EXERCISE REQUIREMENTS: The data below should be retyped exactly, with the pictures left out.

THE DATA:
# # # # # # #
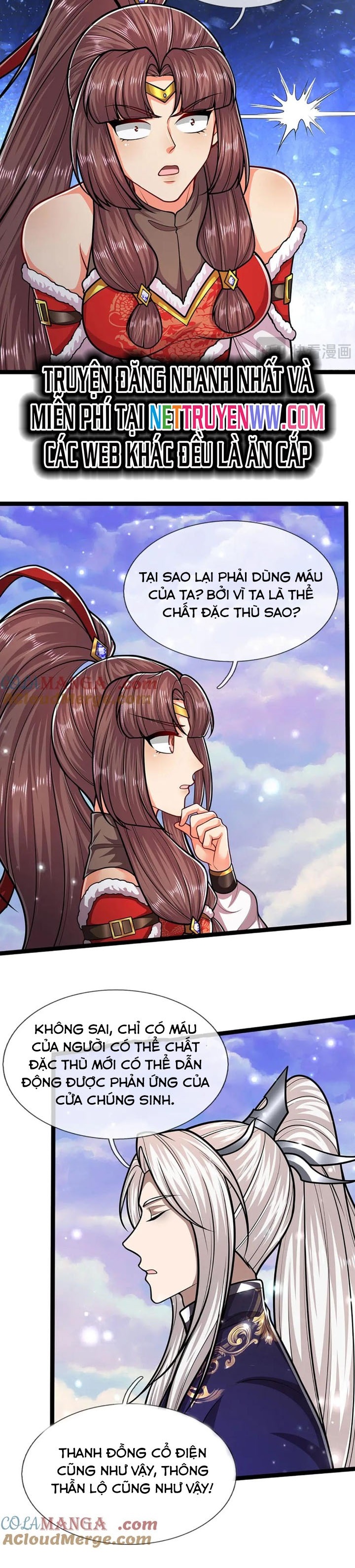 Bị Giam Cầm Trăm Vạn Năm Đệ Tử Ta Trải Khắp Chư Thiên Thần Giới: Chapter 307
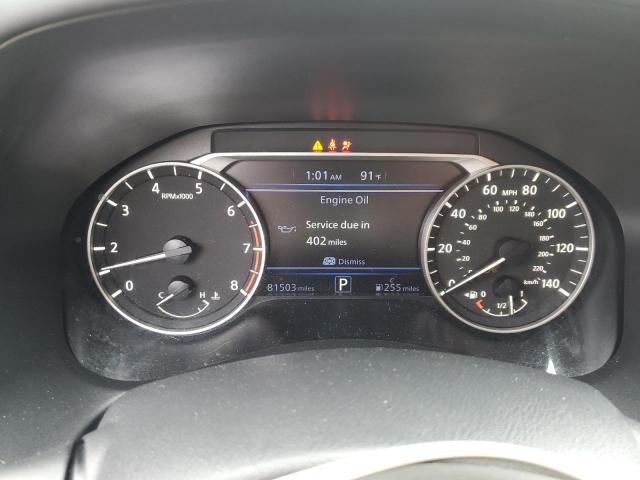 Photo 9 from auction – 2020 NISSAN ALTIMA SR with VIN 1N4BL4CV9LC282663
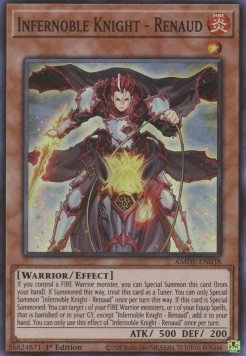 Infernoble Knight - Renaud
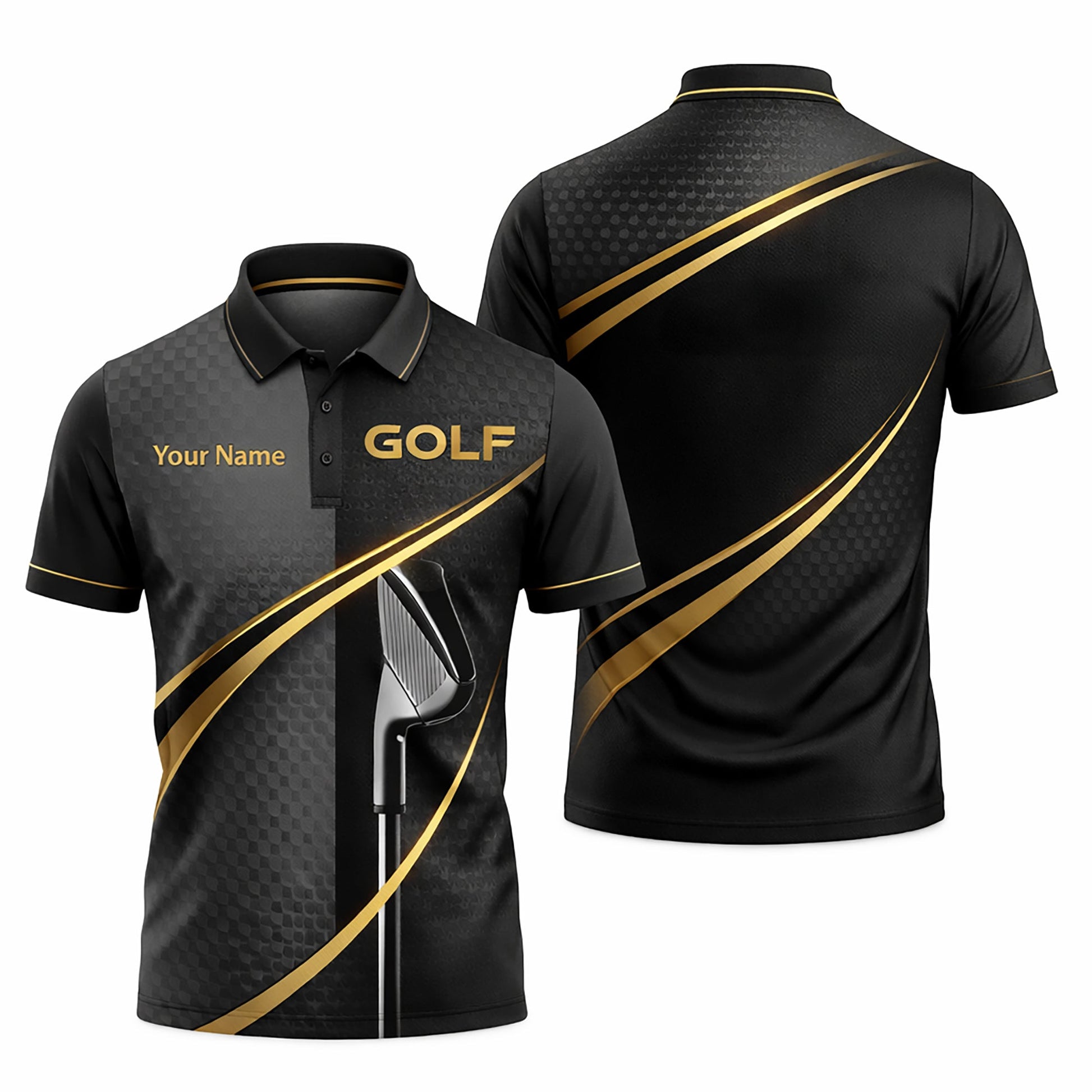 Custom Name Golf Polo Shirt Black Gold Performance Polo for Men Women Personalized Golf Shirt GIA26032603_1.jpg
# # # # # # #
WORKED SOLUTION:
 Bị Giam Cầm Trăm Vạn Năm Đệ Tử Ta Trải Khắp Chư Thiên Thần Giới: Chapter 307
 Photo 9 from auction – 2020 NISSAN ALTIMA SR with VIN 1N4BL4CV9LC282663
 Infernoble Knight - Renaud
 Custom Name Golf Polo Shirt Black Gold Performance Polo for Men Women Personalized Golf Shirt GIA26032603_1.jpg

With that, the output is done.